Invoking the Key Expressions
For this option to work, we need an expression that represents an invocation
of our key expressions. True to its name, Expression.Invoke()
will do
the job.
Note
No, lambdas and delegates are not called, they are invoked, and hence
Expression.Call()
would not work, as it only deals with calling static and instance methods.
Let’s do this:
public static class MyExpressions
{
public static IQueryable<TEntity> WhereCompositeKeyContainedIn<TEntity, TKey1, TKey2>(
this IQueryable<TEntity> query,
Expression<Func<TEntity, TKey1>> key1Expression,
Expression<Func<TEntity, TKey2>> key2Expression,
IEnumerable<(TKey1 Key1, TKey2 Key2)> keysToFind)
{
var parameter = Expression.Parameter(typeof(TEntity), "i");
Expression predicate = null;
foreach (var key in keysToFind)
{
// create the predicate for the current key
var keyPredicate = Expression.AndAlso(
Expression.Equal(
Expression.Invoke(key1Expression, parameter),
Expression.Constant(key.Key1)),
Expression.Equal(
Expression.Invoke(key2Expression, parameter),
Expression.Constant(key.Key2)));
// OR it with the previous key predicates
if (predicate == null)
{
predicate = keyPredicate;
}
else
{
predicate = Expression.OrElse(predicate, keyPredicate);
}
}
// create the lambda
var lambda = Expression.Lambda<Func<TEntity, bool>>(predicate, parameter);
// apply the lambda
query = query.Where(lambda);
return query;
}
}
Now, this works, but it is quite a lot of code and especially the foreach
and
if
condition seem a bit bloated.
Using LINQ we can shrink this considerably:
public static class MyExpressions
{
public static IQueryable<TEntity> WhereCompositeKeyContainedIn<TEntity, TKey1, TKey2>(
this IQueryable<TEntity> query,
Expression<Func<TEntity, TKey1>> key1Expression,
Expression<Func<TEntity, TKey2>> key2Expression,
IEnumerable<(TKey1 Key1, TKey2 Key2)> keysToFind)
{
var parameter = Expression.Parameter(typeof(TEntity), "i");
var predicate = keysToFind
// create the predicates for the keys
.Select(key =>
Expression.AndAlso(
Expression.Equal(
Expression.Invoke(key1Expression, parameter),
Expression.Constant(key.Key1)),
Expression.Equal(
Expression.Invoke(key2Expression, parameter),
Expression.Constant(key.Key2))))
// aggregate them together with OR
.Aggregate(Expression.OrElse);
// create the lambda
var lambda = Expression.Lambda<Func<TEntity, bool>>(predicate, parameter);
// apply the lambda
query = query.Where(lambda);
return query;
}
}
Let’s take this for a test ride:
using System;
using System.Collections.Generic;
using System.Linq;
using System.Linq.Expressions;
using FluentAssertions;
class Program
{
static void Main()
{
var listOfItems = new List<(string Key1, int Key2, string Value)>
{
("foo", 1, "A"),
("foo", 2, "B"),
("bar", 1, "C"),
("bar", 2, "D"),
};
var keysToFind = new[]{ ("foo", 1), ("bar", 2) };
var foundItems = listOfItems.AsQueryable()

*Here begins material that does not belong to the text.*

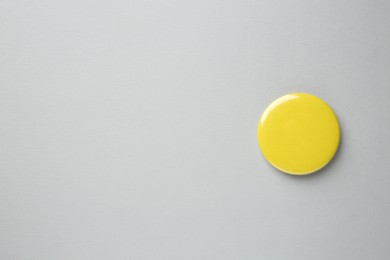 Photo of Blank yellow button badge on grey background, top view and space for text. Mockup for design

.WhereCompositeKeyContainedIn(
i => i.Key1,
i => i.Key2,
keysToFind)
.ToList();
foundItems.Should().BeEquivalentTo(("foo", 1, "A"), ("bar", 2, "D"));
}
}
public class MyExpressions { /* SNIP */ }
It works!
Only fly in the ointment: that’s potentially a lot of Expression.Invoke()
’s.
Let’s see how we can get rid of them by implementing the second option listed
above.
Replacing the Parameters in the Key Expressions
Substituting the parameters in the key expressions takes a bit more work.
Somehow we need a way of traversing the expression trees, replacing the
parameters as we encounter them. The System.Linq.Expressions
library
of course has an API for exactly for this modelled after the visitor pattern.
If you are not familiar with this pattern, or patterns in general, stop right here, get your hands on a copy of the GoF book and read it. No excuses. It is mandatory curriculum for every programmer.
Back to the problem at hand. The ExpressionVisitor
class is the base
class that we need to derive from in order to implement our parameter
substitution:
sealed class ParamReplacer : ExpressionVisitor
{
private readonly ParameterExpression _param;
internal ParamReplacer(ParameterExpression param)
{
_param = param;
}
protected override Expression VisitMember(MemberExpression node)
{
return node.Expression.NodeType == ExpressionType.Parameter
? Expression.MakeMemberAccess(_param, node.Member)
: base.VisitMember(node);
}
}
This is straight forward enough. The constructor takes the parameter
expression we want to use in our substitutions. The override of the
VisitMember(MemberExpression)
method allows us to take some action
whenever the visitor encounters a member expression, and that’s the
ones we’re after. We then check whether this member expression has
a subexpression that is a parameter expression and if so, we return
a new member access expression that uses the original member but
substitutes the parameter. Otherwise we just call the base class
implementation.
Using this small nugget we can simplify our extension method from above:
public static class MyExpressions
{
public static IQueryable<TEntity> WhereCompositeKeyContainedIn<TEntity, TKey1, TKey2>(
this IQueryable<TEntity> query,
Expression<Func<TEntity, TKey1>> key1Expression,
Expression<Func<TEntity, TKey2>> key2Expression,
IEnumerable<(TKey1 Key1, TKey2 Key2)> keysToFind)
{
var parameter = Expression.Parameter(typeof(TEntity), "i");
var replacer = new ParamReplacer(parameter);
var key1 = replacer.Visit(key1Expression.Body);
var key2 = replacer.Visit(key2Expression.Body);
var predicate = keysToFind
// create the predicates for the keys
.Select(key =>
Expression.AndAlso(
Expression.Equal(key1, Expression.Constant(key.Key1)),
Expression.Equal(key2, Expression.Constant(key.Key2))))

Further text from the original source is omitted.